▸ **WHAT YOU HAVE TO DO**
Reproduce exactly only the lines from the line that holds "Camiseta Masculina com Bolsos" to the line that holds "madre e hija felices", inclusive, in the listing below, and please leave out every picture.

▸ **MATERIAL FOR THIS TASK**
________________________

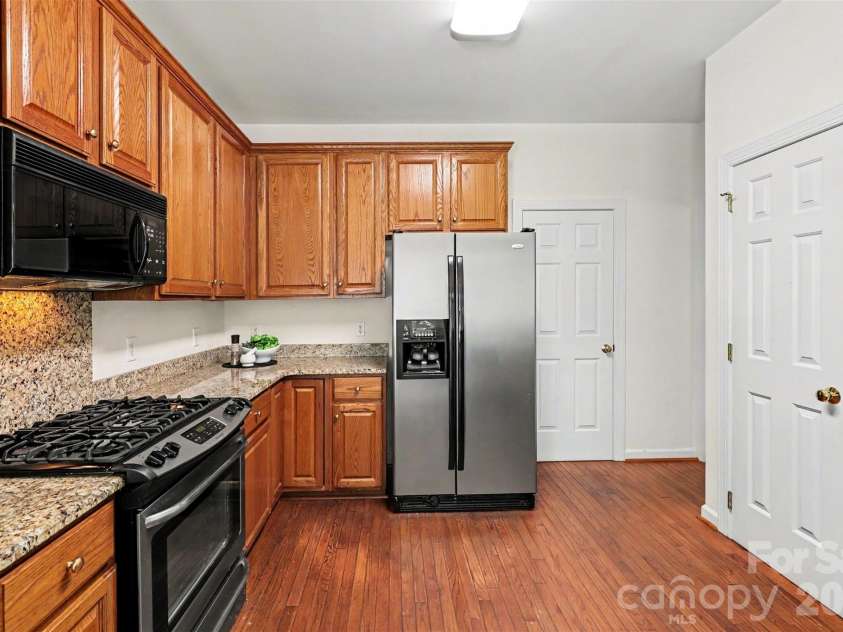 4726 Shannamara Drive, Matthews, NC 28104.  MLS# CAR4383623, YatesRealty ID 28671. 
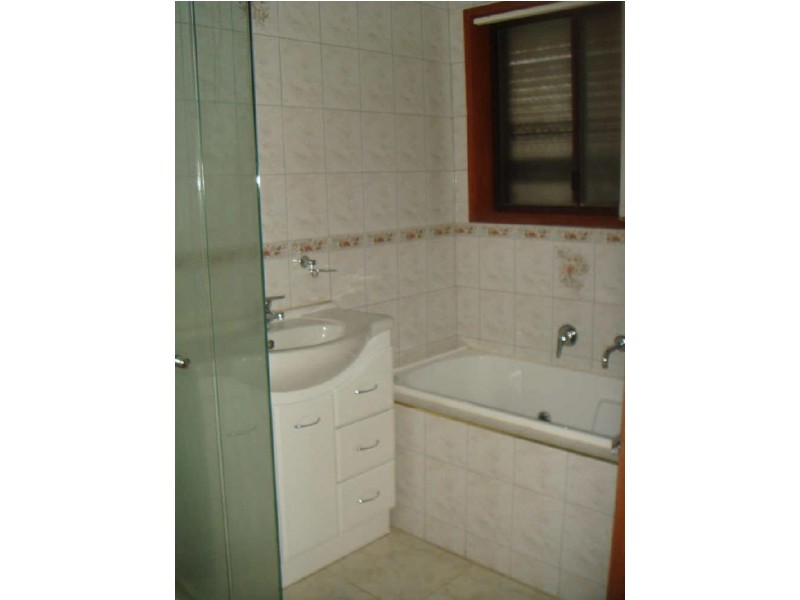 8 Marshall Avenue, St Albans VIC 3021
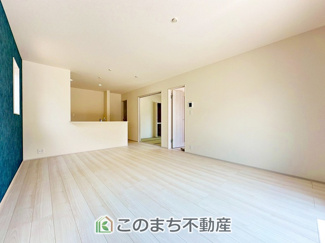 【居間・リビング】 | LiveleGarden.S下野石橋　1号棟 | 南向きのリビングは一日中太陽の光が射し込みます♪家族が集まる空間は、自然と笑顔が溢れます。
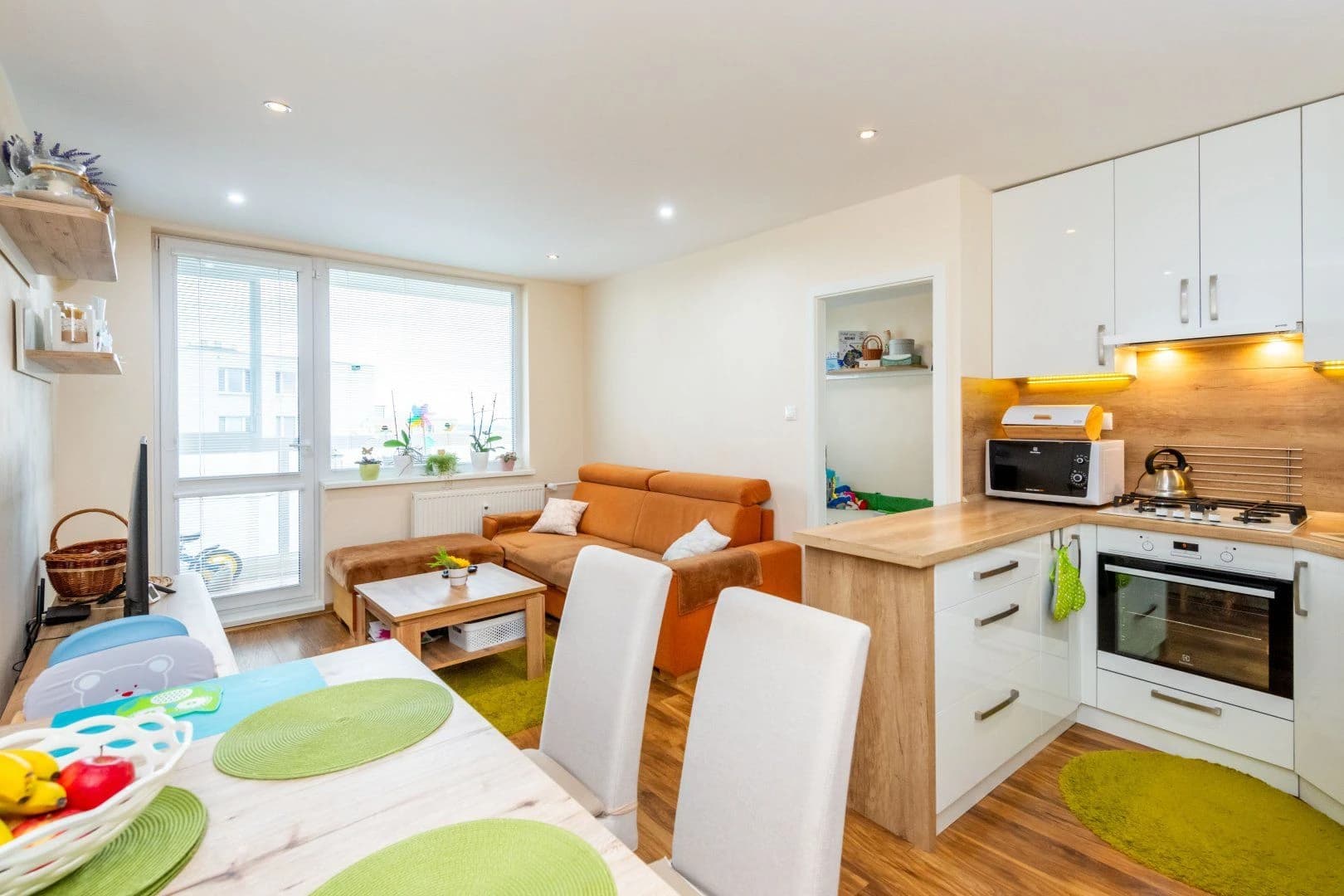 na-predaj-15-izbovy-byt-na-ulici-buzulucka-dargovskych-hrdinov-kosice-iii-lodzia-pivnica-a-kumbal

________________________

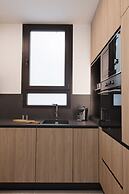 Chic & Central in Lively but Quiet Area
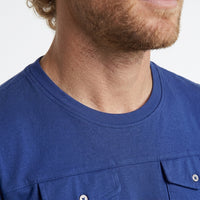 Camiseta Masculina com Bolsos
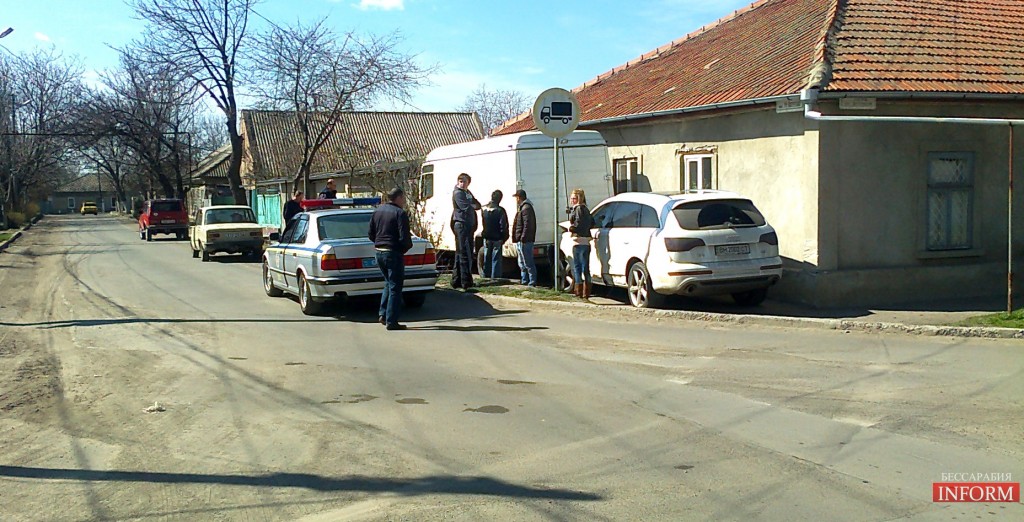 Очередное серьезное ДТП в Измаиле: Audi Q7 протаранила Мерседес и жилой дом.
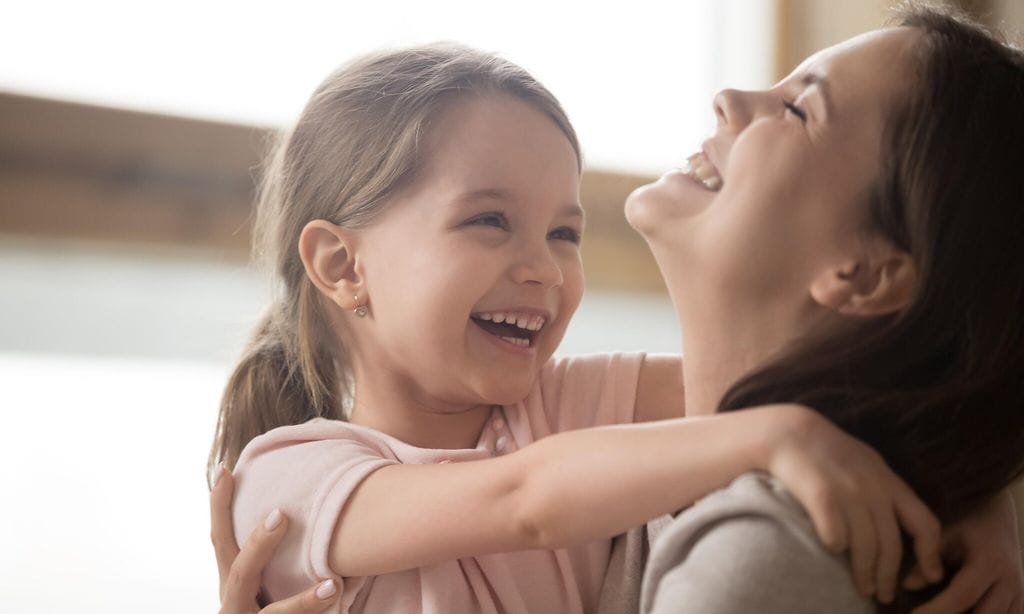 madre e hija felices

________________________

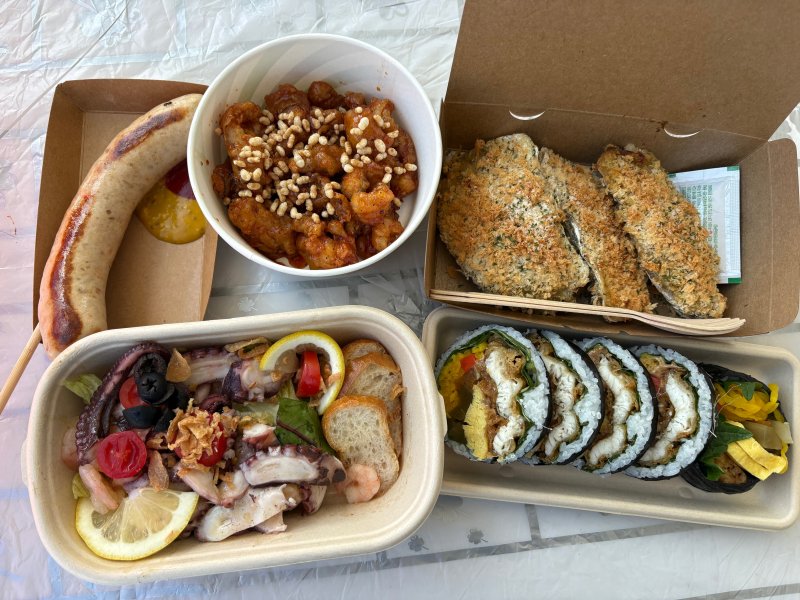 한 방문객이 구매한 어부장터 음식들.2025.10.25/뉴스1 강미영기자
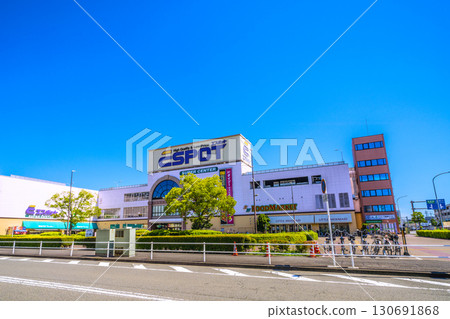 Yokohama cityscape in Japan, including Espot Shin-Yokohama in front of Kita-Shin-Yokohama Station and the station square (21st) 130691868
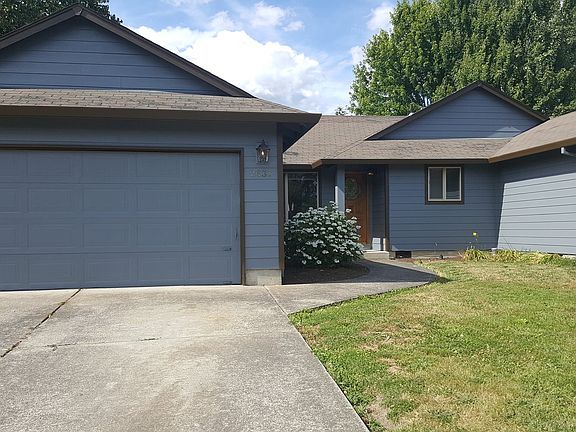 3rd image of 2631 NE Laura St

________________________

▸ **RESULT FOR THIS TASK**
 Camiseta Masculina com Bolsos
 Очередное серьезное ДТП в Измаиле: Audi Q7 протаранила Мерседес и жилой дом.
 madre e hija felices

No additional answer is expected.